- [ASSIGNMENT] Write out the data below exactly, beginning with the first line and ending once the line that has "Green Black Lady Meditating Bronze" is written.

[[ DATA, beginning ]]

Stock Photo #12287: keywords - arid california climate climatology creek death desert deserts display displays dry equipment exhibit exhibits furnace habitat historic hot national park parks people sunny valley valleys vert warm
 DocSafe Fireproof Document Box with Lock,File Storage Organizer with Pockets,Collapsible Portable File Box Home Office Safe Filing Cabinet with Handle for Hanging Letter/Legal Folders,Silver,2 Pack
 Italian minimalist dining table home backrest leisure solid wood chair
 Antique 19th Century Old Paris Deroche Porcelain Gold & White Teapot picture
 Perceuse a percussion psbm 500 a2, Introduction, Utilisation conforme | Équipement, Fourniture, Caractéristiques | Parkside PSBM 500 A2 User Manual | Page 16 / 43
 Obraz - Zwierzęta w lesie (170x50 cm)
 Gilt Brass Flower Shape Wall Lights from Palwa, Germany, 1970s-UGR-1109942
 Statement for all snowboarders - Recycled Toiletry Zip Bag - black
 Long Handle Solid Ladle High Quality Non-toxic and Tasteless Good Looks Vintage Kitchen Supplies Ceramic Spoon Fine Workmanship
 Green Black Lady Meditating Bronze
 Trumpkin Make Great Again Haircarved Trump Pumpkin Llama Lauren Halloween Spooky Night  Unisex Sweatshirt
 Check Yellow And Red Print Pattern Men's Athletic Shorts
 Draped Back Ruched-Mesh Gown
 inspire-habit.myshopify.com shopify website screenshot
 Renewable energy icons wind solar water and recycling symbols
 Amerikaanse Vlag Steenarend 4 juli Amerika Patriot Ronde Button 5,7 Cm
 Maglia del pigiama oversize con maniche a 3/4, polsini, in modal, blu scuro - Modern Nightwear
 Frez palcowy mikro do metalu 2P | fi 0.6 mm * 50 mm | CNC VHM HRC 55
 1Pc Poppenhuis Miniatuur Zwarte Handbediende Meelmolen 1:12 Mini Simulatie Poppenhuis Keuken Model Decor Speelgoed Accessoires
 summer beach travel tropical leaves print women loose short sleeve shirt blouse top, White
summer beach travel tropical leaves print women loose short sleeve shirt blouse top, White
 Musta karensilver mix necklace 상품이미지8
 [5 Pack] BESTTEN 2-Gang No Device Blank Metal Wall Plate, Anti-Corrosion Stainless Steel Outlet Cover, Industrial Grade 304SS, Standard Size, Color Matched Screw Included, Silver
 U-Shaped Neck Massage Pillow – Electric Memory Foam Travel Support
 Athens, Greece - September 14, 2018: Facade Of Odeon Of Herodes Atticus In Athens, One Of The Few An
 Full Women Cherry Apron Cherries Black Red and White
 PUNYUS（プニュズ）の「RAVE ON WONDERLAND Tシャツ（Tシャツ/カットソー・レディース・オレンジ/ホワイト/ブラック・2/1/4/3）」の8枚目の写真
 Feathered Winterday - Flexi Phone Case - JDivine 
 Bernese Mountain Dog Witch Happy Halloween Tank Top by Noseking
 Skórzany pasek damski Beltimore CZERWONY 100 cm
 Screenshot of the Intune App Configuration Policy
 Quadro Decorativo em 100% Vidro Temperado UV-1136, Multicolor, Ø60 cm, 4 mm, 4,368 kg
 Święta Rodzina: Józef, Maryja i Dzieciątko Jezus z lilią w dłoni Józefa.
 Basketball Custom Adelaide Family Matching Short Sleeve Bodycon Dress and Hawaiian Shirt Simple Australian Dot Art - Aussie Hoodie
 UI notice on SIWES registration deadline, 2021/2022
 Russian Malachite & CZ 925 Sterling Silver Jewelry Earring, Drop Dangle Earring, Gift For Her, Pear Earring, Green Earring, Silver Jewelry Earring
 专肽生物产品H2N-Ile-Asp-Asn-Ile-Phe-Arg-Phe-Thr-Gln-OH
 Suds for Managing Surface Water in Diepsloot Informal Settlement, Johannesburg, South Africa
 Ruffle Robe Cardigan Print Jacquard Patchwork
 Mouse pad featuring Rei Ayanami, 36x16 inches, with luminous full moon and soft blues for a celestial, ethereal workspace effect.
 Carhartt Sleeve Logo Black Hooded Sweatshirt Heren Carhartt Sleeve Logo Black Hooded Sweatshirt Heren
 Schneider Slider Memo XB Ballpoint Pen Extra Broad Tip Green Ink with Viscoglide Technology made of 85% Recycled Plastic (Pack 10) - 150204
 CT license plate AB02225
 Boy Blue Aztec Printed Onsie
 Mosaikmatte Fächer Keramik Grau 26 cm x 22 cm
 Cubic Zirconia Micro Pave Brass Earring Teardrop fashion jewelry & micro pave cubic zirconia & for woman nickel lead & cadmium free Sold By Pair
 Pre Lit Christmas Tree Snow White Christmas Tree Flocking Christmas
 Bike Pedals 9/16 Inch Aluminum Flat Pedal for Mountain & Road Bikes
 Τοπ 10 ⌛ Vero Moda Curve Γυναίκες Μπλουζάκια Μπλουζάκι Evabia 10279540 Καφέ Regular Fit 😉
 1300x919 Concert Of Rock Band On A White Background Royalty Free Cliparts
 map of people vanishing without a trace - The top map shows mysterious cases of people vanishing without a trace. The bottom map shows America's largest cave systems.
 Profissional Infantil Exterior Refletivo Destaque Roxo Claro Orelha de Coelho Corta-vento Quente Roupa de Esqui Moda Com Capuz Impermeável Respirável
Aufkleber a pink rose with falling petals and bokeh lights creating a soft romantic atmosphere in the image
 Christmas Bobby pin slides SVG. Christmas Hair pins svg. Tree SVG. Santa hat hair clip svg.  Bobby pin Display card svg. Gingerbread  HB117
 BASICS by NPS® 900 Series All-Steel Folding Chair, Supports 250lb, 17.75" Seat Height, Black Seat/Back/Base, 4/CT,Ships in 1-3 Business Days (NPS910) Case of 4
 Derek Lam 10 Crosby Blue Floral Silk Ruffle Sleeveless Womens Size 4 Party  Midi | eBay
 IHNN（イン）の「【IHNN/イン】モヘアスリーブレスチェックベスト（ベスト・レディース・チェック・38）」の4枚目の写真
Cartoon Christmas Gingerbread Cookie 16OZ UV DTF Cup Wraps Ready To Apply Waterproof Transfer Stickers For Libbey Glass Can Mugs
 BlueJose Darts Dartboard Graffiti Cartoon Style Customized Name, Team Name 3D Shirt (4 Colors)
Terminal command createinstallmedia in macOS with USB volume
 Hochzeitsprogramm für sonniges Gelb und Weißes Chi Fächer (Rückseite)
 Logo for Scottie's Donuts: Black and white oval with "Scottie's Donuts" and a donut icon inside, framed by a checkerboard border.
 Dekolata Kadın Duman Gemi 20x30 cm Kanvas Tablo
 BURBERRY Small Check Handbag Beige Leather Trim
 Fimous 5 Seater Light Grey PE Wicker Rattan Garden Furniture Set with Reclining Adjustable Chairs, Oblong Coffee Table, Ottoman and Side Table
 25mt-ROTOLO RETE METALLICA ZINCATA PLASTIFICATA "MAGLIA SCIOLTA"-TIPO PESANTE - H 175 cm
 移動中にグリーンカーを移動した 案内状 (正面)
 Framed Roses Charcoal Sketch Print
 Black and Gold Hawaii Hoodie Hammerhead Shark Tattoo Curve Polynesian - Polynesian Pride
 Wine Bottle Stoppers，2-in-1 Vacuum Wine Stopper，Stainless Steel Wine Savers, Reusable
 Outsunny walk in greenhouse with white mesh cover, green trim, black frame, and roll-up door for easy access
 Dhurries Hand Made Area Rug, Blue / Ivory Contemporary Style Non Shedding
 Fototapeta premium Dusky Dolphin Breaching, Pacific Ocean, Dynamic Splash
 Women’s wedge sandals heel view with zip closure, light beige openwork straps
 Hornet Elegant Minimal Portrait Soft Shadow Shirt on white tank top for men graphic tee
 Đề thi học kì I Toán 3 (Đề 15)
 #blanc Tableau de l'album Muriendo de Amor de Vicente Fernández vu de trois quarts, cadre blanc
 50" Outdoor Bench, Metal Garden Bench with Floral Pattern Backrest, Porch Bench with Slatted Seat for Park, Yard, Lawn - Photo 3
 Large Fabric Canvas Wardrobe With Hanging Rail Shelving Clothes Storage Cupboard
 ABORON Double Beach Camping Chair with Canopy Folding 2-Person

[[ DATA, end ]]

- [ANSWER TO THE PROBLEM]
Stock Photo #12287: keywords - arid california climate climatology creek death desert deserts display displays dry equipment exhibit exhibits furnace habitat historic hot national park parks people sunny valley valleys vert warm
 DocSafe Fireproof Document Box with Lock,File Storage Organizer with Pockets,Collapsible Portable File Box Home Office Safe Filing Cabinet with Handle for Hanging Letter/Legal Folders,Silver,2 Pack
 Italian minimalist dining table home backrest leisure solid wood chair
 Antique 19th Century Old Paris Deroche Porcelain Gold & White Teapot picture
 Perceuse a percussion psbm 500 a2, Introduction, Utilisation conforme | Équipement, Fourniture, Caractéristiques | Parkside PSBM 500 A2 User Manual | Page 16 / 43
 Obraz - Zwierzęta w lesie (170x50 cm)
 Gilt Brass Flower Shape Wall Lights from Palwa, Germany, 1970s-UGR-1109942
 Statement for all snowboarders - Recycled Toiletry Zip Bag - black
 Long Handle Solid Ladle High Quality Non-toxic and Tasteless Good Looks Vintage Kitchen Supplies Ceramic Spoon Fine Workmanship
 Green Black Lady Meditating Bronze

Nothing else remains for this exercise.